Attributes specifying whether a food is vegan or vegetarian for certain USDA FDC FoodData datasets.
Inspired from v3gtb
The aim of this project is to provide free and open add-on data for the USDA’s FDC FoodData datasets containing attributes that categorize foods as vegan, vegetarian, or neither.
This will hopefully enable applications and services that deal with nutrition data to take these dietary preferences into account, e.g. when displaying or suggesting foods to users. The target audience of this project are mainly small open source projects, although nothing keeps you from using it in a commercial project (see the License section below).
The data are generated using a naive heuristic based only on the descriptions of each food and those of its ingredients, which are compared to hardcoded lists of phrases and the most likely categories they suggest. Neither this approach nor the lists of phrases are perfect, so there are still many incorrectly categorized foods that will hopefully become fewer over time.
For those foods whose categorization as vegan/vegetarian/omni depends on one’s
level of “strictness”, an attempt is made to classify them as an appropriate
composite category. E.g., wines should ideally all be categorized as
VEGAN_VEGETARIAN_OR_OMNI
because certain filtration methods normally used in
the winemaking process involve animal
products, some of which
require killing the animal to extract, although it’s plausible that a subset of
vegans/vegetarians would consider them vegan/vegetarian regardless.
Note that these same composite categories are also used more generally in cases in which it’s impossible to tell from the available information whether something is vegan/vegetarian or not. Although this meaning is technically distinct from the strictness-dependent categorization above, in practice they tend to overlap almost perfectly. Returning e.g. to the example above, there do exist strictly vegan wines made without resorting to animal products in any step of the process, but a description saying just “wine” could refer to either these or the non-vegan variants.
Attributes are provided for foods in the FNDDS (“Survey”) and SR Legacy datasets. Data for both datasets are provided together in one file as foods are uniquely identified by e.g. their FDC ID and the file size is small anyway. As of now there are no plans to extend this project to the other FDC datasets, but who knows.

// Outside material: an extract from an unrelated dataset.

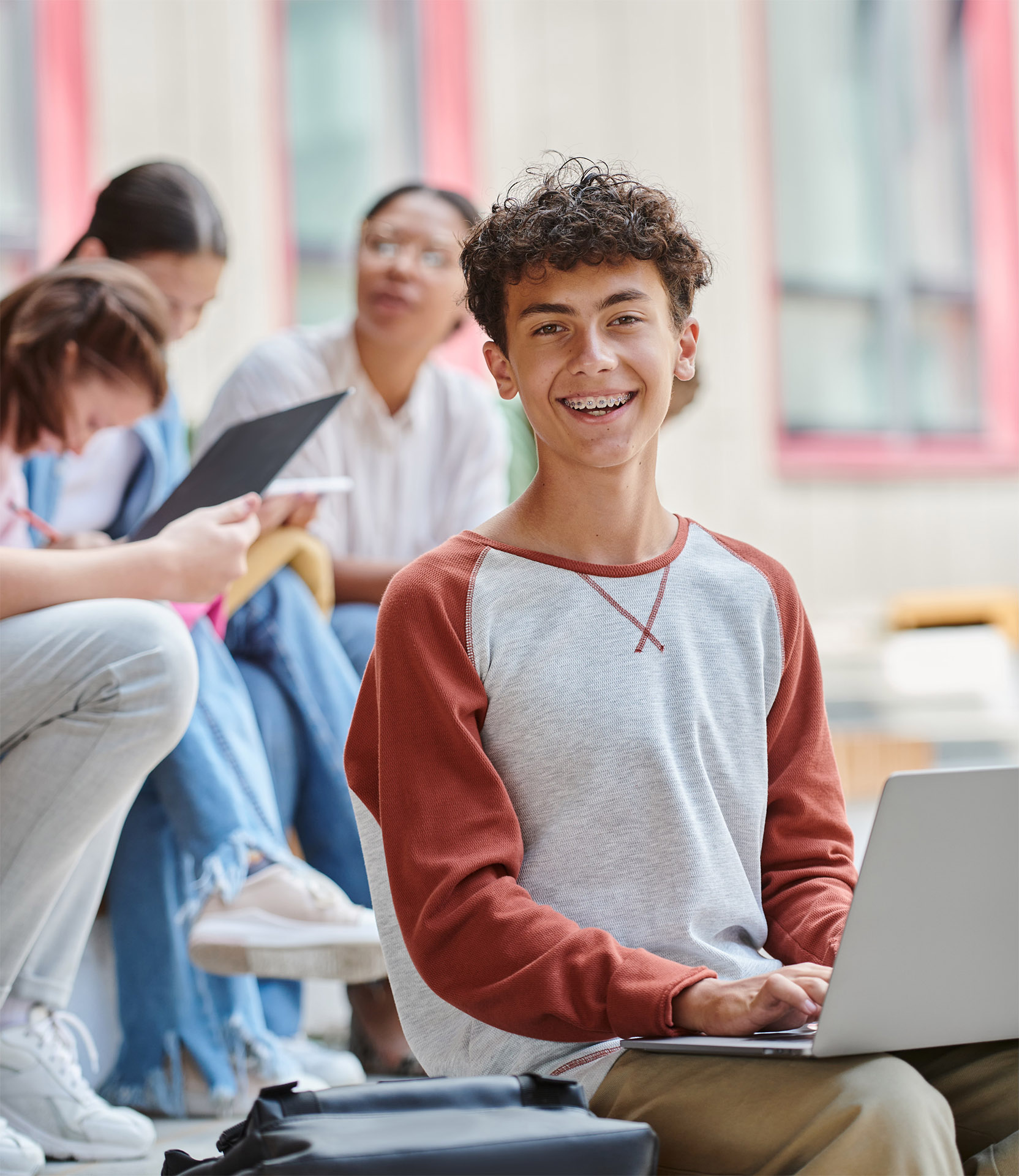 Student in raglan shirt smiling with a few students sitting at the back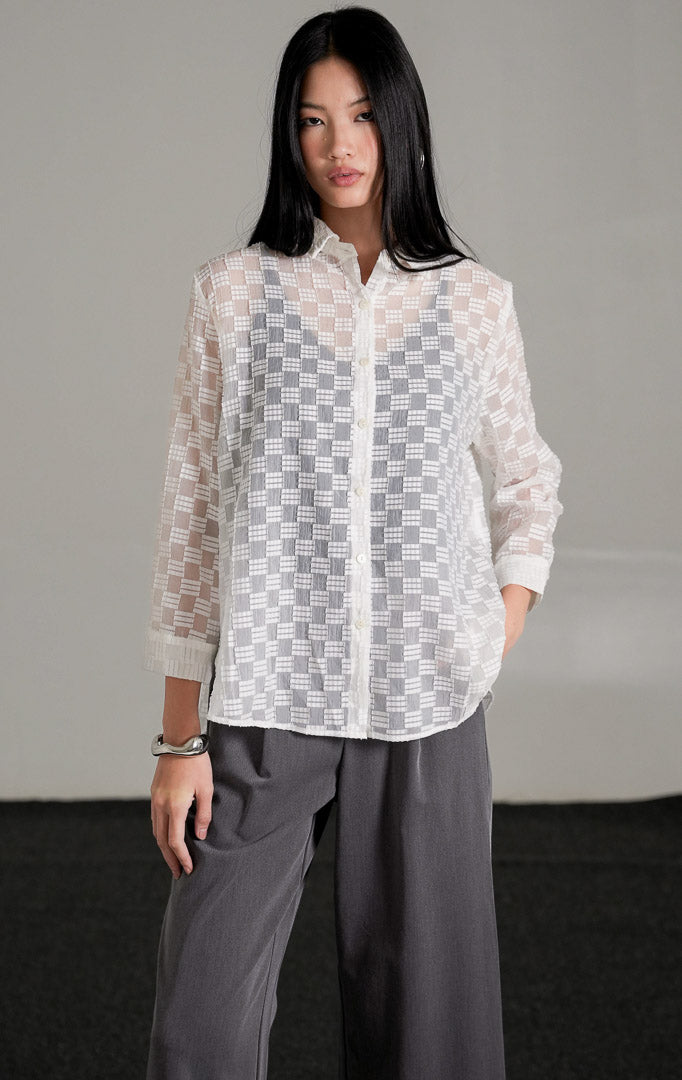 Hazel Top warna putih dengan detail bordir pola kotak semi-transparan yang memperlihatkan inner hitam di baliknya, dipadukan dengan celana kulot abu-abu dan sepatu heels putih.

For debugging and demoing purposes, the current lists of foods in each category can be viewed here:
The script used to generate the data released by this project from FDC data via the heuristic explained above can be found in the project’s source code.
Some incomplete notes on development can be found here.
Like the USDA FDC datasets themselves, the data published by this project is hereby released into the public domain or, in jurisdictions where this is not possible, the closest legal equivalent.
The script to generate the data is provided under the MIT license.